# EXERCISE
Copy out the lines of the records below, and only those lines, from the one with "Softline Cape Sofa" through the one with "T2 Haut Standing", exactly as they appear.
(DATA SHOWN begins)
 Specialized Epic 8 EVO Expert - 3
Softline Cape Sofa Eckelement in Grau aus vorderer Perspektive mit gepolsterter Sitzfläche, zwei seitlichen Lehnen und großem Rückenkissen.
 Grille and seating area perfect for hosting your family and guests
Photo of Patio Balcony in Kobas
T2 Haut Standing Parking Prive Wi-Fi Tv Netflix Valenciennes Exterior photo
(DATA SHOWN ends)
(DATA SHOWN begins)
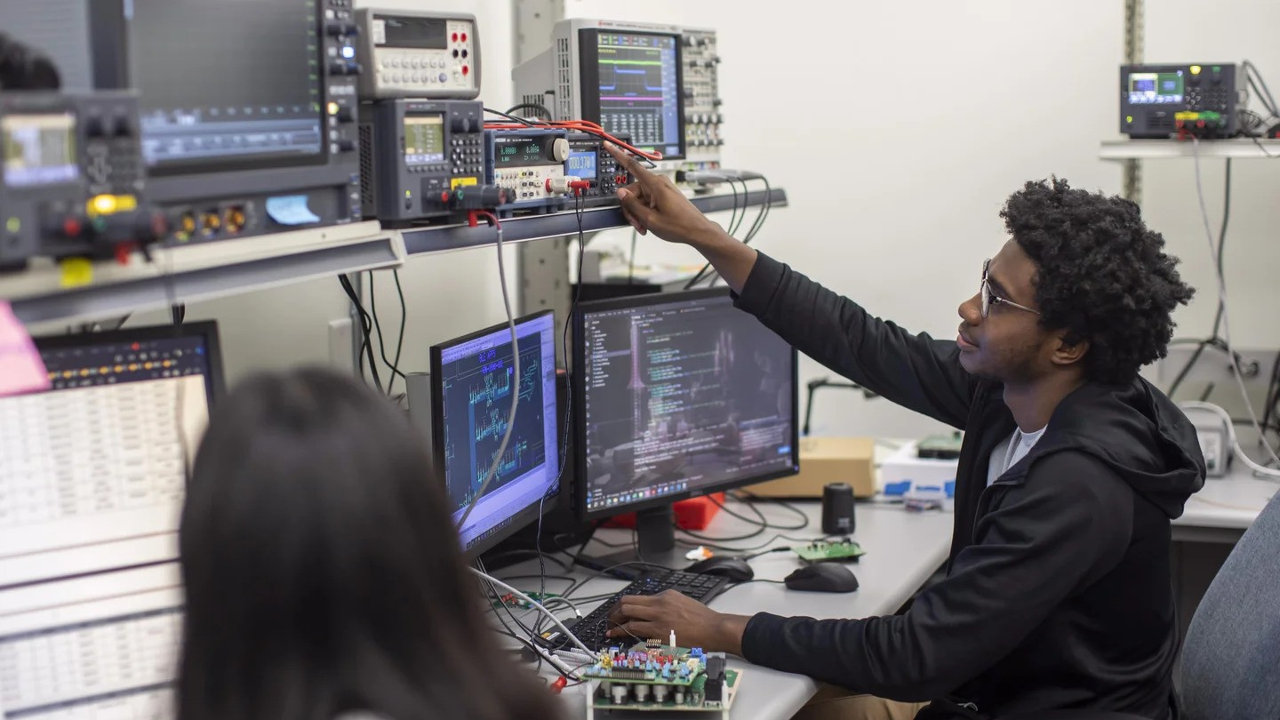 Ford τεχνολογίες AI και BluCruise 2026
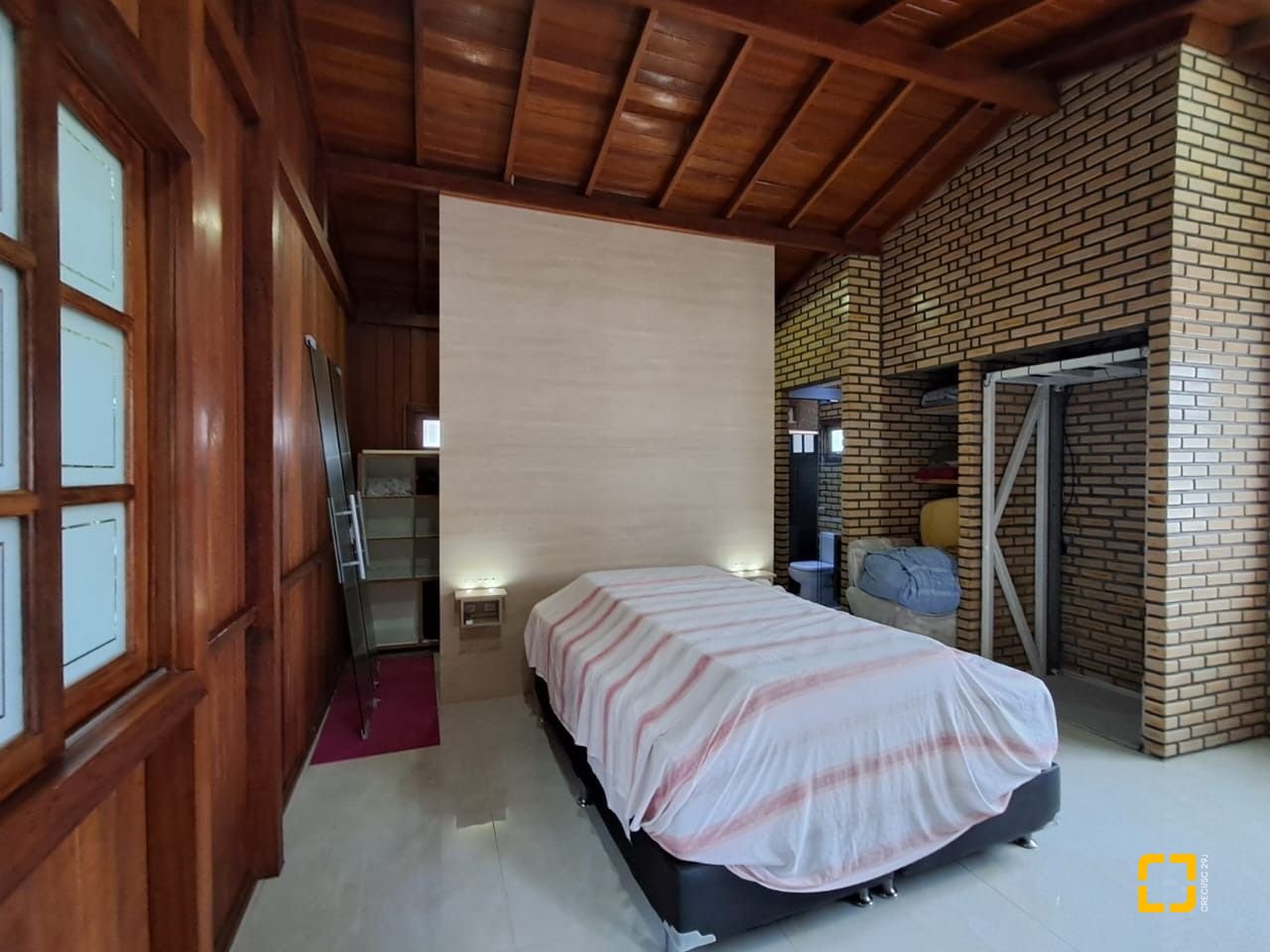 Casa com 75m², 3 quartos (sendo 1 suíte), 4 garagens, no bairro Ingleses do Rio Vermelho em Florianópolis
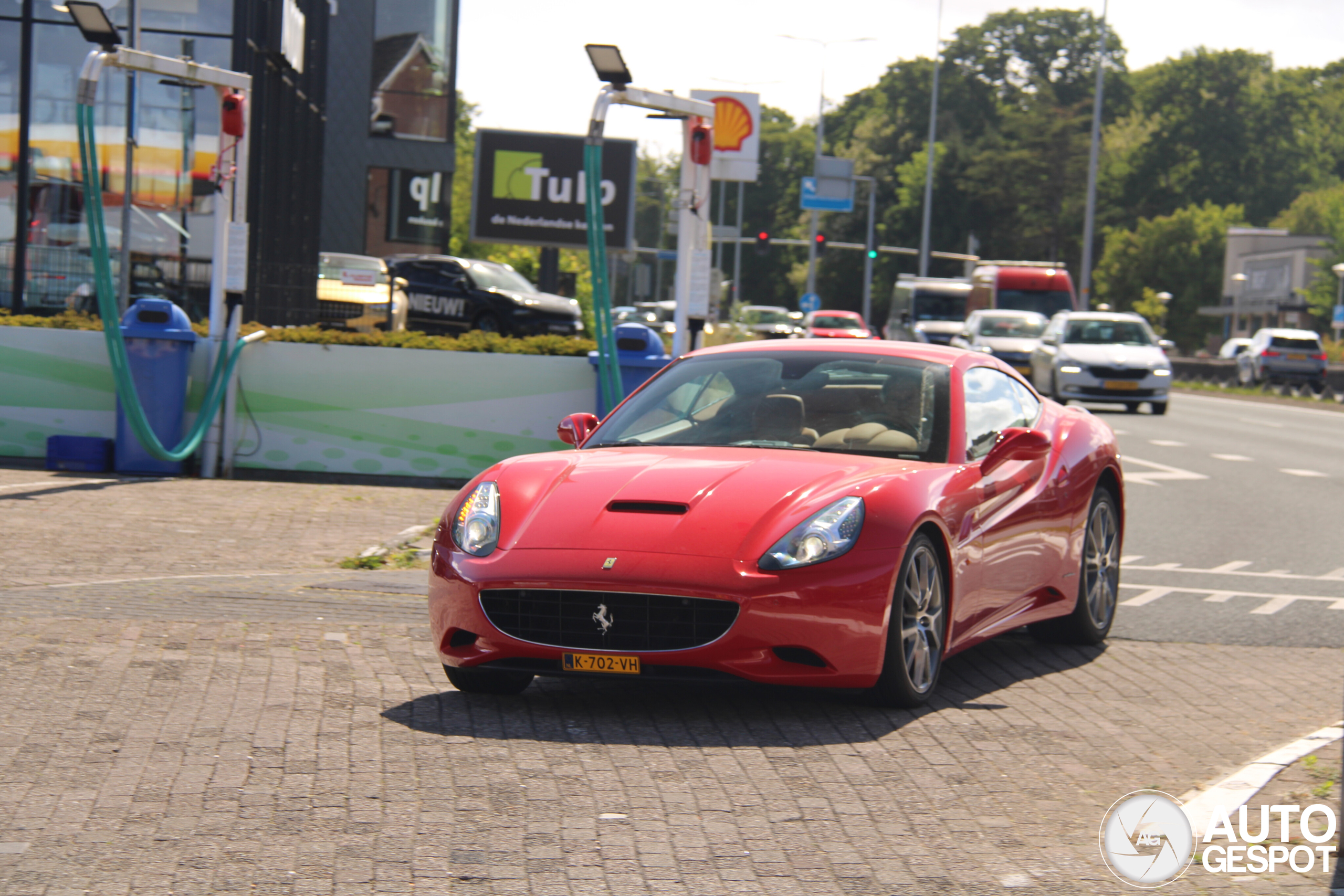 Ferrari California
(DATA SHOWN ends)
# RESULT BELOW
Softline Cape Sofa Eckelement in Grau aus vorderer Perspektive mit gepolsterter Sitzfläche, zwei seitlichen Lehnen und großem Rückenkissen.
 Grille and seating area perfect for hosting your family and guests
Photo of Patio Balcony in Kobas
T2 Haut Standing Parking Prive Wi-Fi Tv Netflix Valenciennes Exterior photo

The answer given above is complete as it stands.